There is so much on here already which will give you more ideas and information than you can shake a stick at, and if you start of in the France Touring forum that alone will keep you from under Grandma's feet for several days.

Dave


----------



## raynipper (Aug 4, 2008)

GRANDADPETE said:


> We want to head to the Atlantic coast stopping at Tours/Poitier for a week then onto the coast near La Rochelle. We are a middle aged couple looking for quiet sites with biking/walking and possibly kayaking. We thought sites within walking/biking of a nearby town or village would be a good idea.  We would like to avoid child friendly sites. Any information would be very helpful.


Take a look here Pete.

http://tinyurl.com/ybpnx6w

Ray.


----------



## chapter (May 1, 2005)

how long are you going? also check the french school holidays as the sites near the coast tend to be packed and the cost high
we have not come across many adult only sites with this in mind take a loook here
chapter


----------



## BlakeneyPlayer (Feb 22, 2009)

There is a really good site at St Cyr north of Poitiers and handy for Futurescope. It is situated on a lake so walking/cycling/kayaking all in one place. We stopped there on the way down to Spain principally to go to Futurescope but liked the site we stayed for 3 days and missed Futurescope.
It is in the ASCI book
Enjoy Rob


----------



## wobby (May 1, 2005)

I think you are picking the wrong months if you wan't a quiet site, as the French and just about everyone else will be on site, Holiday season for kids. We always avoid July & August for that reason and also because the site cost can triple! you can't use ACSI discount card either. You will almost certainly have to book your sites as they may well be full. Outside that period access to most site is easy and there is no need to book, we never do. 

Wobby


----------



## tomnjune (May 1, 2005)

hi,
why not look at staying on some of the french aires, we do and saves us a few bob. some of them are well located near to towns and beaches, i dare say the popular ones are going to be pretty busy in july, but on the plus side for you not to many children. enjoy your trip.

tomnjune  :lol:


----------



## rugbyken (Jan 16, 2006)

gotta agree with some of the other posters unless your tied into school holidays try and avoid late july august but if you have to go then i would recomend going over the isle de re just above la rochelle , you have to pay to go one way over the bridge but heavenly place with miles of comfortable cycling and lot's to see specially st martin-de-re,


----------



## barryd (May 9, 2008)

Dont stay on campsites in France, its a complete waste of money.
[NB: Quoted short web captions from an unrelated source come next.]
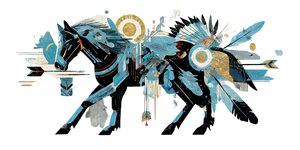 Patriotic Horse Collage Vinyl Car Decal Sticker – Waterproof & UV-Resistant 5.12" Patriotic Horse Collage Vinyl Car Decal Sticker – Waterproof & UV-Resistant 5.12"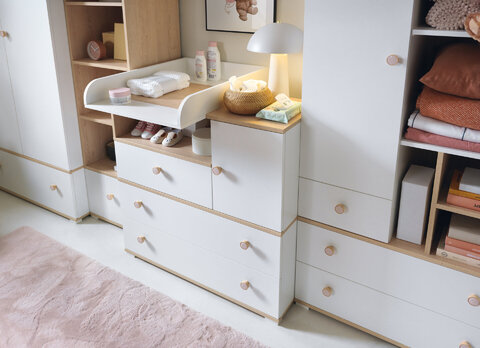 Prebaľovací pult ZY05 biely 54x10x72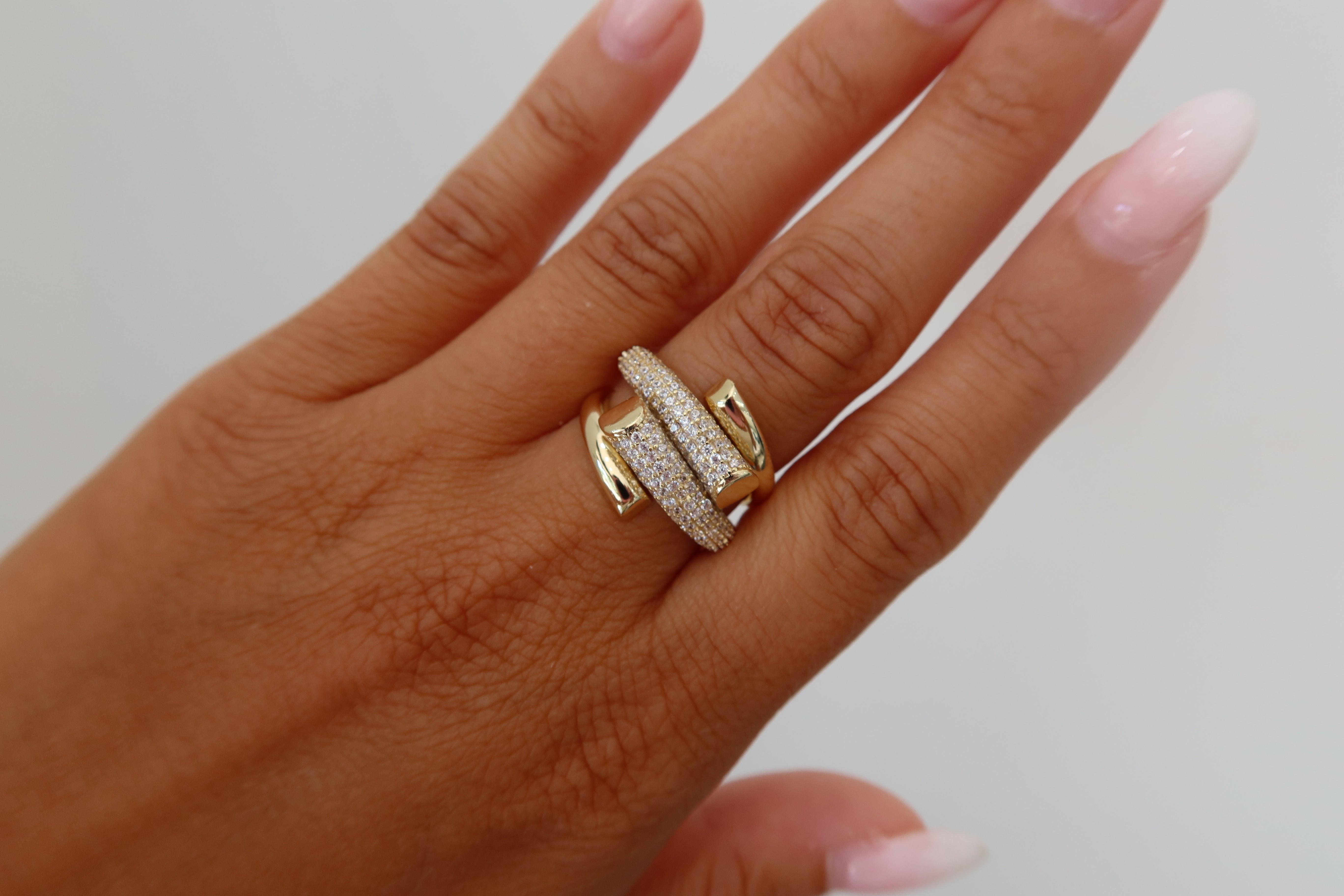 Pavé Stacked Ring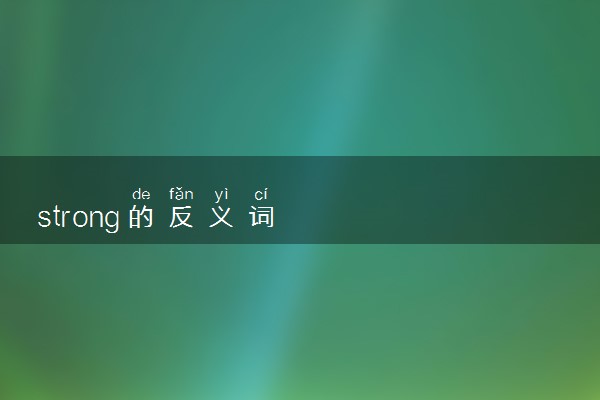 strong的反义词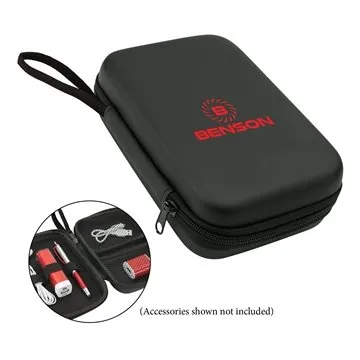 Image of 50 Custom Pandora Zippered Travel Case - Molded Shell & Mesh ...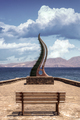 Statue at Kitroplatia Beach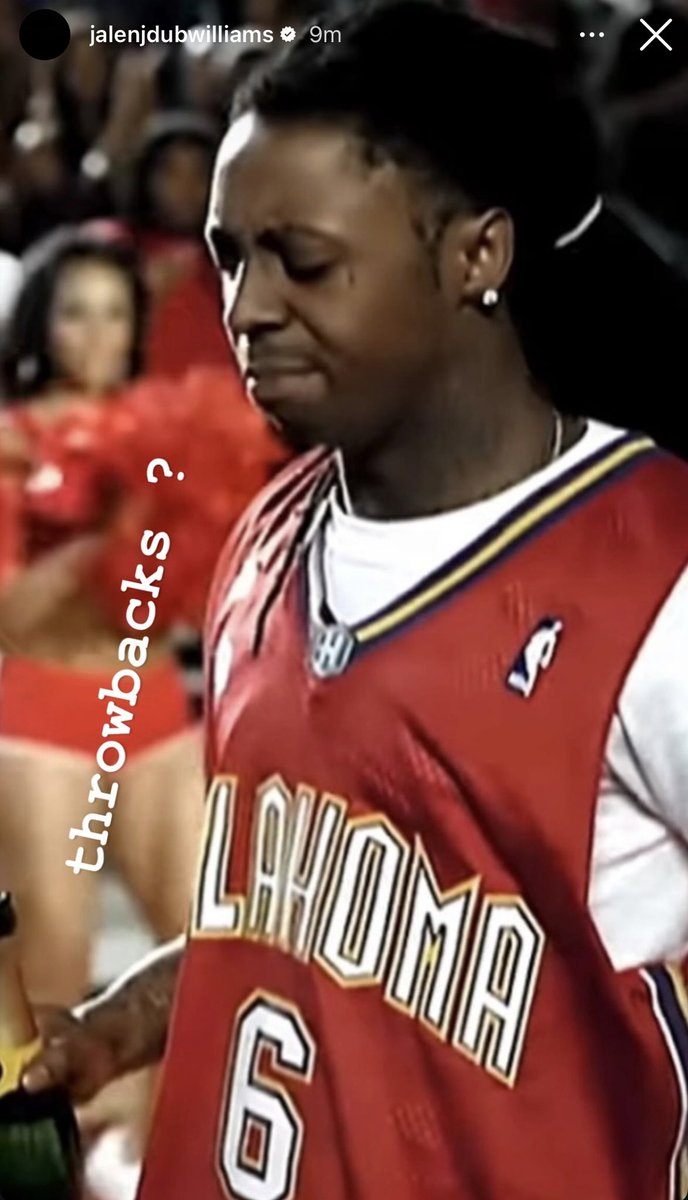 Looks like Jalen Williams wants the OKC Hornets Valentine’s Day jerseys to make a comeback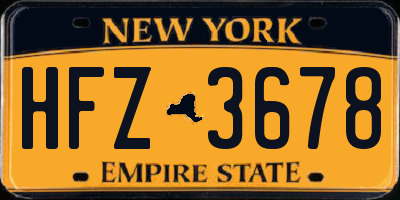 NY license plate HFZ3678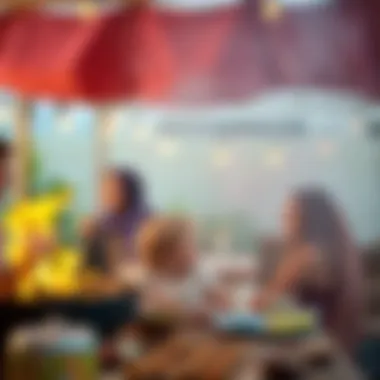 Family gathering during a public holiday barbecue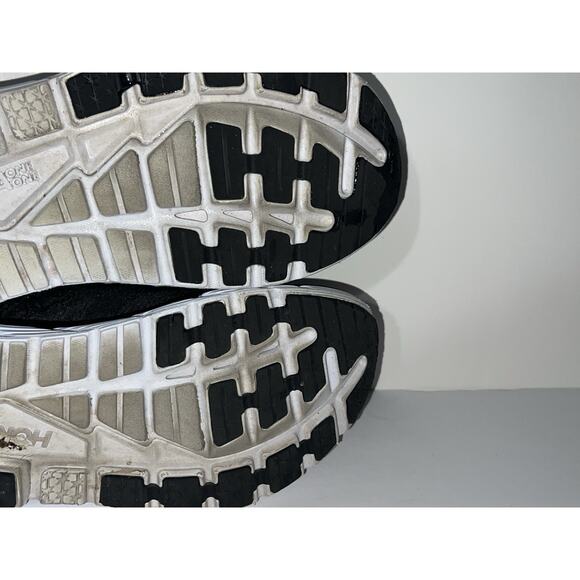 Hoka One One Mens Gaviota 4 1123198 BWHT Black Running Shoes Sneakers Size 12.5D - Picture 5 of 11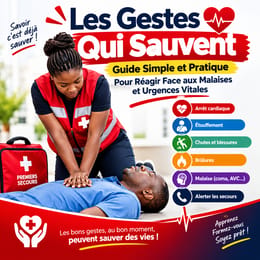 Les Gestes Qui Sauve des vie: livre Pratique Pour Réagir Face,Malaise-Urgences Vitales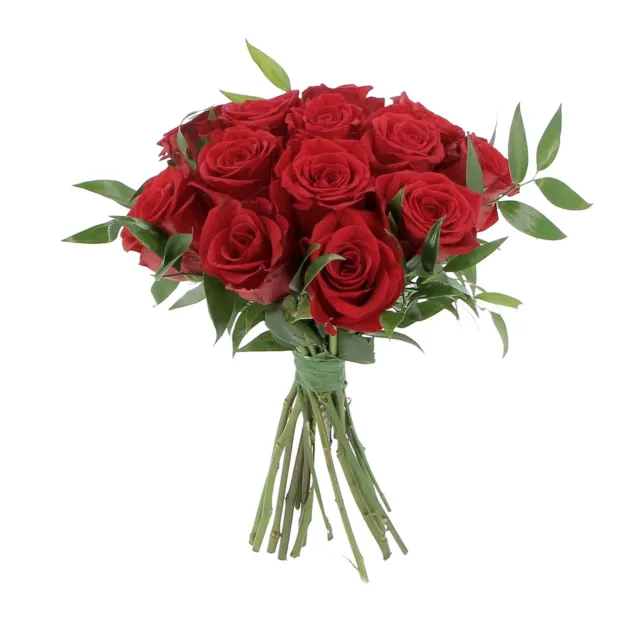 KENTIS - Bouquet di Rose Rosse Vere Mazzo di Fiori Freschi con Quantità a Scelta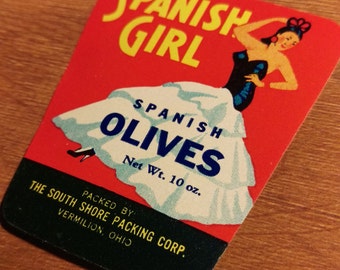 10 Spanish Girl - Spanish Olives Jar Labels - South Shore Packing Corp.
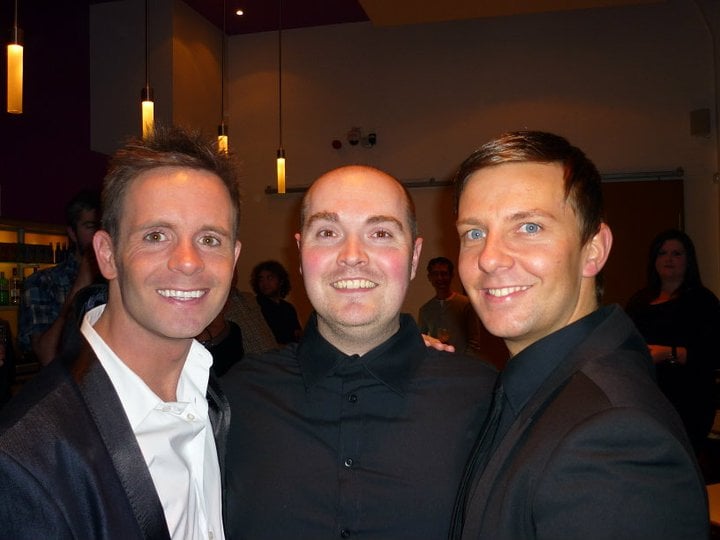 Liam (Director), Mark (Musical Director) and Eliott (Choreographer).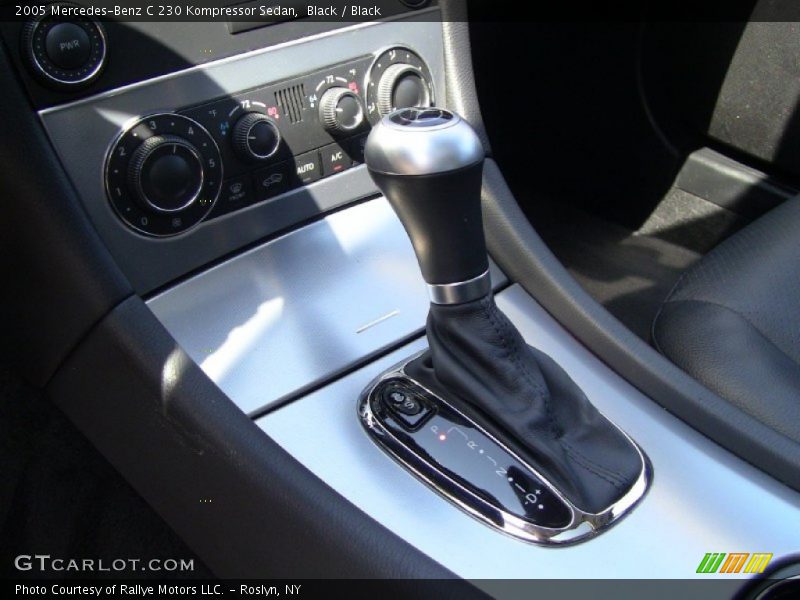Black / Black 2005 Mercedes-Benz C 230 Kompressor Sedan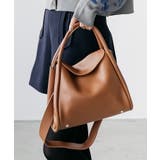 ブラウン | スクウェアフラップフェイクレザーバッグ ショルダーバッグ ハンドバッグ | mili an deni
Buy All the Aires Book from here http://www.go-motorhoming.co.uk/all-the-aires.htm decide where you want to go and find a suitable Aire. Most are free and you wont seen many kids. If you have sat nav (a must) you simply program in the Aire GPS Co-ordinates and away you go! We were there in the middle of summer and if you head away a few miles inland from the coast or any tourist hot spot you can find quiet Aires or wild camping spots on your own. Dont forget wild camping in motorhomes in France is a national pastime and you will be welcome almost everywhere. I would say the only reason to stay on a campsite is if you _do _have kids who need to be entertained.


----------



## Mike48 (May 1, 2005)

Bearing in mind the original poster wants to spend time along the Atlantic coast, coastal Aires are are normally very full in July. June is a much better month as you can use an ACSI card and also have a better chance of securing a spot on a decent Aire.


----------



## barryd (May 9, 2008)

Which is why I suggested going inland a bit or wild camping. If he wants to put down roots for a week then maybe a campsite might be his prefered option but I found that in July / August in France you can always get away from the crowds if you dont head straight for the most popular places. on the Med coast we found some fab Aires and wild spots just a few miles inland. We have a scooter so its not a problem for us but we could have easily driven the van in to the resorts. Some of the Aires we saw in the popular spots were just packed to bursting but then some of the campsites were as well. We just had a laugh at them and found somewhere private either on a less crowded inland Aire or wild camping. Simple!


----------



## AndrewandShirley (Oct 13, 2007)

We can really recommend Sables Blanc municipal site nr Quiberon. It on he left on the spit of land between just after Plouharnel.

See http://www.plouharnel.fr/

There is no advance booking.

One side you have a surf beach the other calm waters for canoeing etc.

Bike riding on the sand or cycle paths down through to the savage coast is a must.

If you do go there, go the the far left hand end of the site and Bo, Ken, Pete and sometimes us are there for most of the summer.

Wild camping is avaiable at laods of places along the road down to Quiberon.


----------